Booting Linux using UEFI can brick Samsung laptops
Booting Linux using UEFI just once on various Samsung laptops is enough to permanently stop them working. Several reports have been posted on the Ubuntu bug tracker, but the problem is likely to also be present in other Linux distributions, as it appears to be caused by a kernel driver for Samsung laptops. Kernel developers are currently discussing a change which would disable the driver when booting via UEFI.
Ubuntu developers were informed of the problem by one user last year, after he had tried to UEFI boot Ubuntu 12.04 or 12.04.1 on a Samsung 530U3C live from a USB flash drive. He had prepared the drive with Ubuntu's Startup Disk Creator, which sets everything up for booting via BIOS or EFI. Ubuntu froze shortly after loading the kernel and the user then powered down by holding down the power button. Thereafter the laptop refused to boot and the firmware would not even show basic startup information. Samsung repaired the laptop, which was under warranty, by replacing the motherboard. When the same thing occurred with the repaired machine, the user alerted the Ubuntu development team.

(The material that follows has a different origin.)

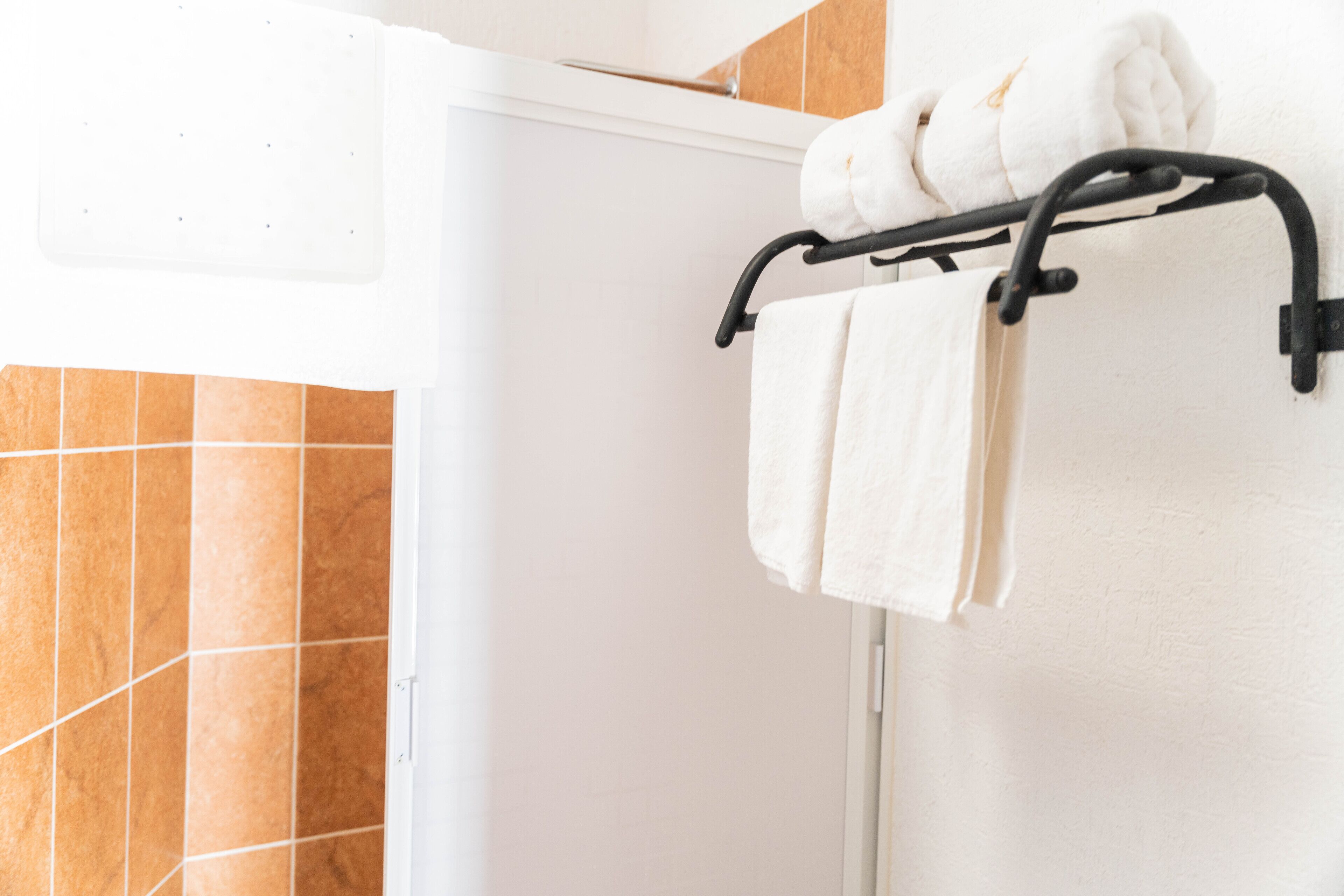 elite room | bathroom | shower, free toiletries, hair dryer, towels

Since then, many more users have reported having bricked their laptops by trying to boot Linux. The problem also appears to affect Ubuntu 12.10 and other Samsung models. The Ubuntu bug report includes posts from users reporting that the problem also affects 300E5C, NP700Z5C, NP700Z7C and NP900X4C series laptops. It does, however, only occur when Linux is booted using UEFI. It does not appear to matter whether Secure Boot is on or off. The problem can be circumvented by booting Linux using the Compatibility Support Module (CSM). UEFI firmware on many recent systems includes a CSM to enable operating systems to be booted in the same way as on computers with conventional BIOS firmware. Installing Linux alongside a Windows installation installed using UEFI mode is, however, not straightforward when booting using CSM.

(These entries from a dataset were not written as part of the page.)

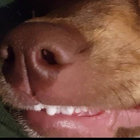 fen thumbnail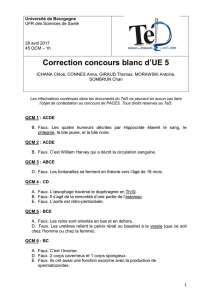 CCB UE5 correction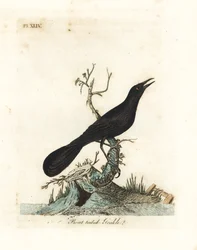 Graúna-de-cauda-de-barco, Quiscalus major (mainá-de-cauda-de-barco, Gracula barita). Chapa de cobre colorida à mão, desenhada e gravada por John Latham a partir da sua própria obra A General History of Birds, Winchester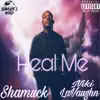 Heal Me (feat. Niki Lavaughn) - Single album lyrics, reviews, download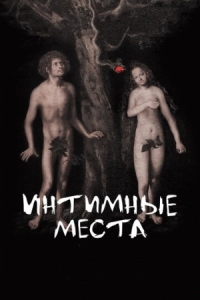 Постер Интимные места (2013)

The Ubuntu development team has held talks with Samsung staff, who have identified the kernel's samsung-laptop driver as the prime suspect. This driver has previously had issues – it had caused problems for other Samsung laptop owners when booting Linux using UEFI. Also involved in analysing the problem is Intel developer Matt Fleming, who posted two kernel changes for discussion a week ago. Since one of them ensures that the Samsung driver is not activated if Linux is started using UEFI, this should resolve the problem. It appears at present that this should be sufficient to prevent damage to Samsung laptops; however, these two patches have yet to be merged into either the main Linux development tree or recently released stable and long-term kernels 3.0.61, 3.4.28 and 3.7.5.
According to Canonical's Steve Langasek, Samsung developers have been attempting to develop a firmware update to prevent the problem for several weeks. Langasek is advising users to start Ubuntu installation on Samsung notebooks from an up-to-date daily image, in which the Ubuntu development team has taken precautions to prevent the problem from arising. It is, however, not completely clear that these measures are sufficient. In addition to the samsung-laptop driver bug, there may be, it appears, other ways of messing up the hardware and firmware on some Samsung laptops to the extent that they will no longer boot.